● **Task goal**
In the listing below, the lines starting at the line with "Pep Guardiola nâng" and ending at the line with "Bank, Karl Nehammer - EIB Vizepräsident" are to be output verbatim. Images stay out of the copy.

● **Data section**

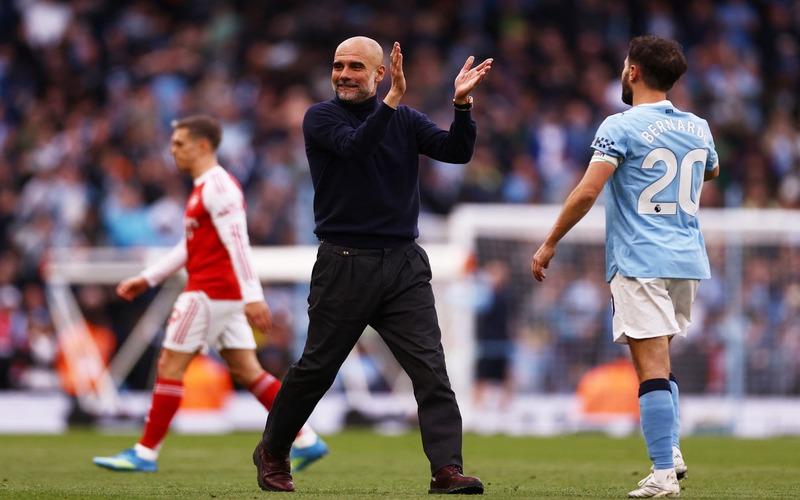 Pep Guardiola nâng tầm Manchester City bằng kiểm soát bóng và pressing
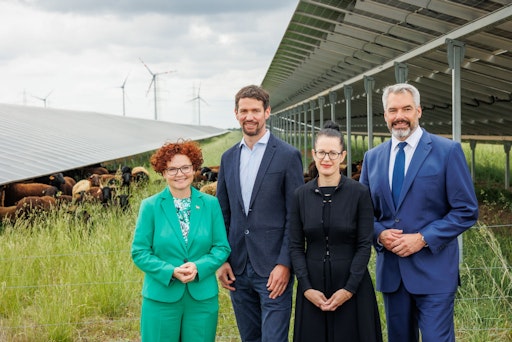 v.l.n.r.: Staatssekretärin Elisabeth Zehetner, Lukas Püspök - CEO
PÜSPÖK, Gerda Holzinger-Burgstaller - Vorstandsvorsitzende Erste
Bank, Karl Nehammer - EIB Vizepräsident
---
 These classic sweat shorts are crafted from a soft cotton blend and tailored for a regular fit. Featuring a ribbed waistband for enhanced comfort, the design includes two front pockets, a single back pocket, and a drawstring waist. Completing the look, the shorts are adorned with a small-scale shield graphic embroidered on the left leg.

● **Written solution**
 Pep Guardiola nâng tầm Manchester City bằng kiểm soát bóng và pressing
 v.l.n.r.: Staatssekretärin Elisabeth Zehetner, Lukas Püspök - CEO
PÜSPÖK, Gerda Holzinger-Burgstaller - Vorstandsvorsitzende Erste
Bank, Karl Nehammer - EIB Vizepräsident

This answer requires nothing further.